Keras layers without using matrix multiplications.

This is a Keras based implementation of some layers mentioned in the papers The Era of 1-bit LLMs: All Large Language Models are in 1.58 Bits and Scalable MatMul-free Language Modeling. Find the documentation here.

Rationale

Traditional, matrix multiplication based layers suffer from a few issues.

  1. They have high inference and computational costs due to the use of matrix multiplications. This hinders the speed at which inference is performed on GPU-less machines.
  2. The memory use for storing full precision weights is very high.
  3. The energy costs of running matrix multiplications is very high.

Matrix multiplication free layers addresses these pain points by removing the key source of costs — matrix multiplications.

Installation

Requirements

Keras-MML has a few requirements, namely

Instructions on how to install Keras can be found here.

Installation Instructions

Only the installation via nightly versions and via GitHub are supported for now.

PyPi

If you use pip, you can install Keras-MML using the command

pip install keras-matmulless
Pre-Release Versions

To install pre-release versions, use the command

pip install --pre keras-matmulless
Nightly Versions

Nightly releases for Keras-MML are primarily found on the TestPyPi page. To install them, use the command

pip install -i https://test.pypi.org/simple/ keras-matmulless

GitHub

First, clone the repository using

git clone https://github.com/PhotonicGluon/Keras-MatMulLess.git
cd Keras-MatMulLess

We recommend to create a virtual environment to install Poetry and the other dependencies into.

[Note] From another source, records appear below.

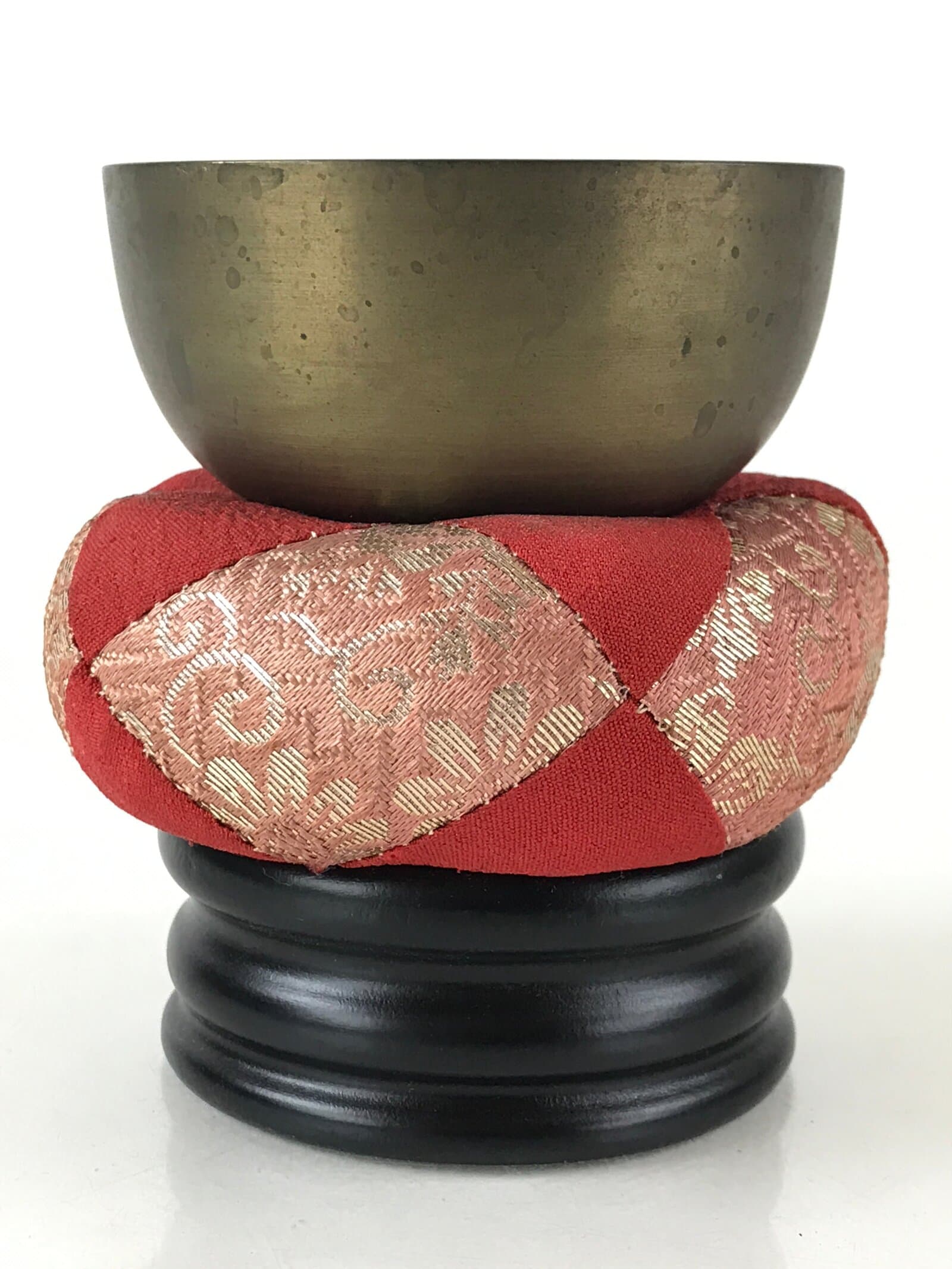 Japanese Buddhist Altar Fitting Orin Bell Vtg Singing Bowl Pillow Stand Striker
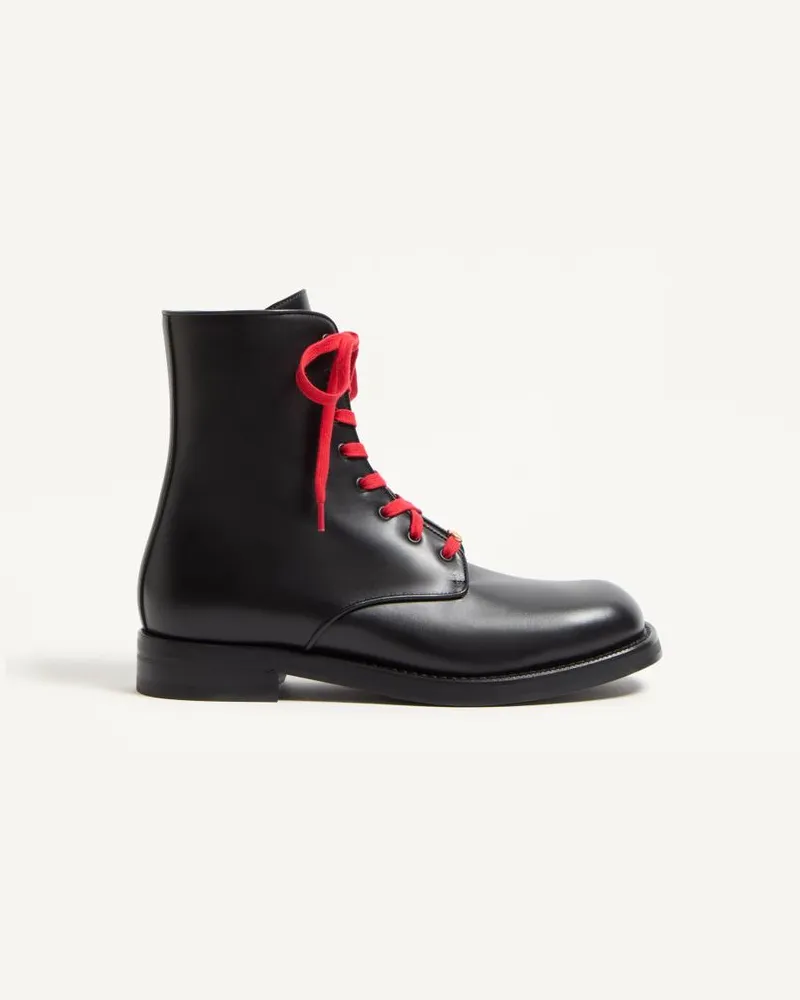 Valentino Garavani Combat Boots Punx Aus Kalbsleder Mann SCHWARZ Schwarz
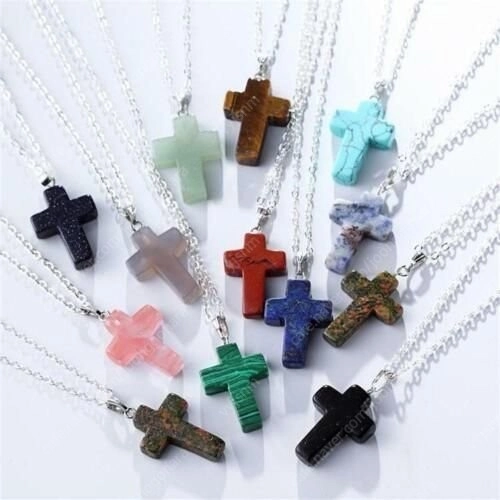 새 아이보리색 십자가 자연석 오팔 목걸이 합금 석재 펜던트 기독교 천주교 종교 성당 교회 데일리 패션 레이어드 선물 이미지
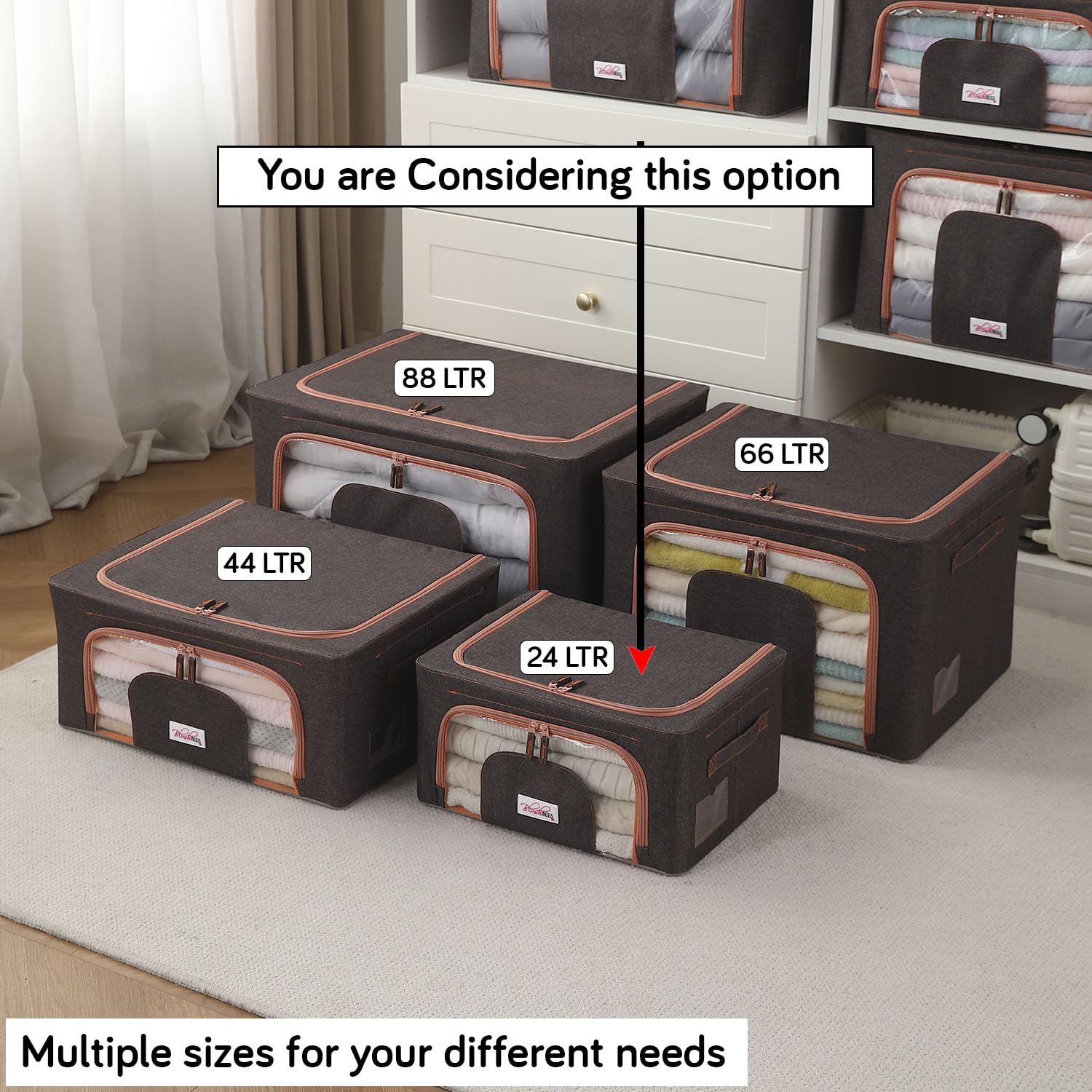 BlushBees Living Box - 600D Oxford Fabric Storage Boxes for Clothes, Saree Cover - 24 Litre, Pack of 1, Espresso Brown 2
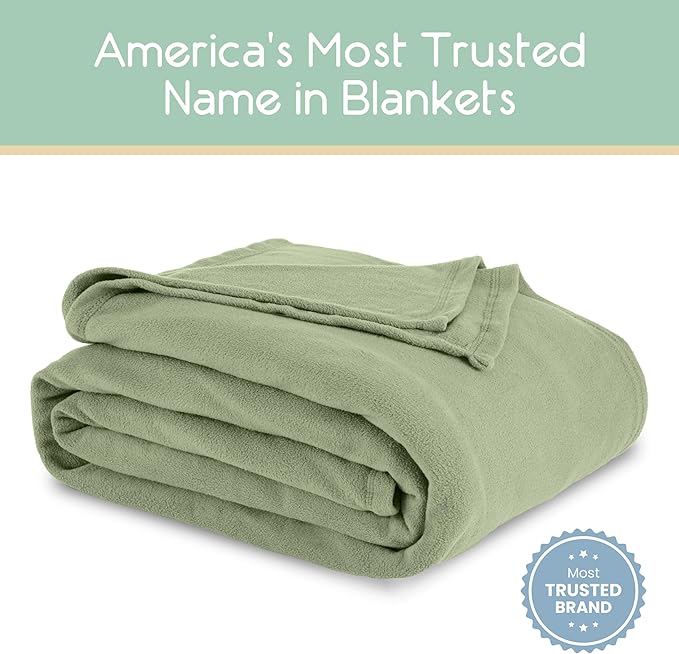 Vellux Soft 240 GSM Micro Fleece Plush Cozy Durable Lightweight Blanket Easy Care Machine Washable Pet Friendly Solid Bed Sofa Blankets, Twin, Green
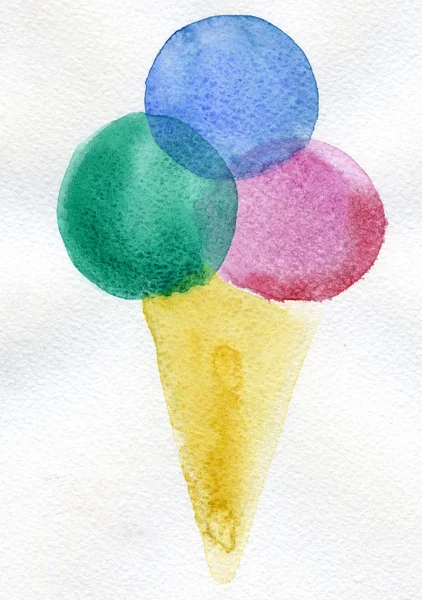 Ice cream cornet wash drawing — Stockfoto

python -m venv venv  # If `python` doesn't work, try `python3`

Activate the virtual environment using

source venv/bin/activate

or, if you are on Windows,

venv/Scripts/activate

Now we install Poetry.

pip install poetry

Finally, install the development dependencies.

poetry install --with dev

If you have not installed a backend (i.e., Tensorflow, PyTorch, or Jax) you can do so here.

poetry install --with dev,BACKEND_NAME

Note that the BACKEND_NAME to be specified here is

  • tensorflow for the Tensorflow backend;
  • torch for the PyTorch backend; and
  • jax for the Jax backend.

That's it! You should now have access to the keras_mml package.

Installation Issues

These are some of the known issues faced when installing Keras-MML.

Development Installation With torch Backend

This is a known issue when installing Keras-MML with dev and torch on AArch64 (i.e., ARM64) systems.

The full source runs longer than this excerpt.